Much of Oak’s character rises from staccato flows of interior monologue, quick glimpses of memories, and his terse responses to questions and situations, when Oak chooses to respond at all. The author also holds tensions high by keeping dialogue and descriptions taut while his plot moves steadily forward.

 

After years in some of hockey’s top leagues starring as an “enforcer,” a player who physically avenges dirty actions by opposing teams, Oak has slumped into a physical wreck with growing mental health issues. He’s still big and hulking, yet he’s now held together with surgical repairs, an addiction to painkillers, emotional numbness, sometimes-addled thoughts, and too much alcohol. He knows he’s probably also developed chronic traumatic encephalopathy (CTE), the progressive, degenerative brain disease that can affect people who’ve suffered multiple concussions and head jarring. In games and in fights away from the rink, he’s received and meted out countless fists to the face, head butts, and body blows. Yet hockey remains all he wants to do in life.

 

When Oak’s mother dies, he goes home to Boston and confronts both his past and his ex-wife and teenage daughter, whom he hasn’t seen in several years while bouncing from one hockey franchise to another. Some people still recognize him and treat him like a star. Others, however, question why he’s completely lost touch with them. What they don’t see—and what gives this absorbing story much of its power—are the emotional turmoil, fading memories, and unsteady thoughts that keep unfolding inside Oak’s mind as he tries to deal with his growing limitations.

 

In real life, CTE can affect professional and amateur athletes of almost any age in contact sports such as football, hockey, boxing, and more.

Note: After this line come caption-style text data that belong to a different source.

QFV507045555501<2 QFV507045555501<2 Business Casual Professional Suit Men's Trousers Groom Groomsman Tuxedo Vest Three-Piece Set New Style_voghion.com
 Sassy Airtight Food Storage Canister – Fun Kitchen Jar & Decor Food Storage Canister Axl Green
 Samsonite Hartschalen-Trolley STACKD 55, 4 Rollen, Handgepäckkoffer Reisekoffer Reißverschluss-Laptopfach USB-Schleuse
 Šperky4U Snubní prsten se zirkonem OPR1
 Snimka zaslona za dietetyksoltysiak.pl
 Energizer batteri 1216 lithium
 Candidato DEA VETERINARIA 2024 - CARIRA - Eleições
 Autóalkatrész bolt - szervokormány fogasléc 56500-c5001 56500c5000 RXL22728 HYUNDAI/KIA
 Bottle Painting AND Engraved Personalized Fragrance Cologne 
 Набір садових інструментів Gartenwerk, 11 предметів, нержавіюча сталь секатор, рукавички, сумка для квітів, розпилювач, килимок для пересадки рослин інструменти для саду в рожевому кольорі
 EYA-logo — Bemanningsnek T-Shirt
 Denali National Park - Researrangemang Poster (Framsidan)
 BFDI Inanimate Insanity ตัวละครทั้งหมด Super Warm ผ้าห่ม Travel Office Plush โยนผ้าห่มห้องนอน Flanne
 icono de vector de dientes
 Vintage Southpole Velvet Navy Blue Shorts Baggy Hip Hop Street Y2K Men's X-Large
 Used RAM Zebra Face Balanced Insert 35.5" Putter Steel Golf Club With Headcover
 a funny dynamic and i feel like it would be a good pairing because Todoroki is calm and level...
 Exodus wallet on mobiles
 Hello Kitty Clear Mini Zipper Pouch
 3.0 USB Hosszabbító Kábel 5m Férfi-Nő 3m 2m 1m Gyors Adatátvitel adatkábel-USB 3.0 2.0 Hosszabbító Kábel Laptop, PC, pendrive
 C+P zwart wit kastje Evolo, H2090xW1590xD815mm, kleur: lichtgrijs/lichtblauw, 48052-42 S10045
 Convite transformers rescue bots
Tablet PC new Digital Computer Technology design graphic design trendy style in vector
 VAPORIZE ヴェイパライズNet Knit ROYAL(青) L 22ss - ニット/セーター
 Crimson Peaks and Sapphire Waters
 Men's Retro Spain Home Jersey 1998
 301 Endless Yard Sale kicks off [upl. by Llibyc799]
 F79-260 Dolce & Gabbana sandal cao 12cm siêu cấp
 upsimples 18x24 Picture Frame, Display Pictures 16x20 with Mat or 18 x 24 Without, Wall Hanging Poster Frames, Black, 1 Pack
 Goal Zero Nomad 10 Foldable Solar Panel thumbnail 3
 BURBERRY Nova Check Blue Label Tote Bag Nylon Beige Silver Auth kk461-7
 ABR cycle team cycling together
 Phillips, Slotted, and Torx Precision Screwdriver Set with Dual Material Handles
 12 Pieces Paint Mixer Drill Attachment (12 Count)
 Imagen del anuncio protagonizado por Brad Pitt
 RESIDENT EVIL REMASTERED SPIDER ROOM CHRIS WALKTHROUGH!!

Sometimes, it can emerge years after stopping play. There’s no cure yet, but determined athletes sometimes try to hide their lingering injuries and CTE symptoms to avoid getting benched or cut from a team. Some end up addicted to pain killers, alcohol, or illegal drugs. Oak is drawn into that dark world even as he fights to free himself from it.

 

The Mighty Oak is first-rate fiction for adult readers. The book’s roots in reality and confidence issues should hold special appeal for many who relish contact sports, yet also understand their inherent dangers.

 

Jeff W. Bens is the author of the novels Albert, Himself and The Mighty Oak and director of the award-winning documentary film Fatman's. His short fiction and essays are published widely. Bens was a founding faculty member of the School of Filmmaking at the University of North Carolina School of the Arts and has served on film festival juries around the world. He currently directs Manhattanville College’s undergraduate creative writing program and teaches both undergraduate and graduate workshops in creative writing.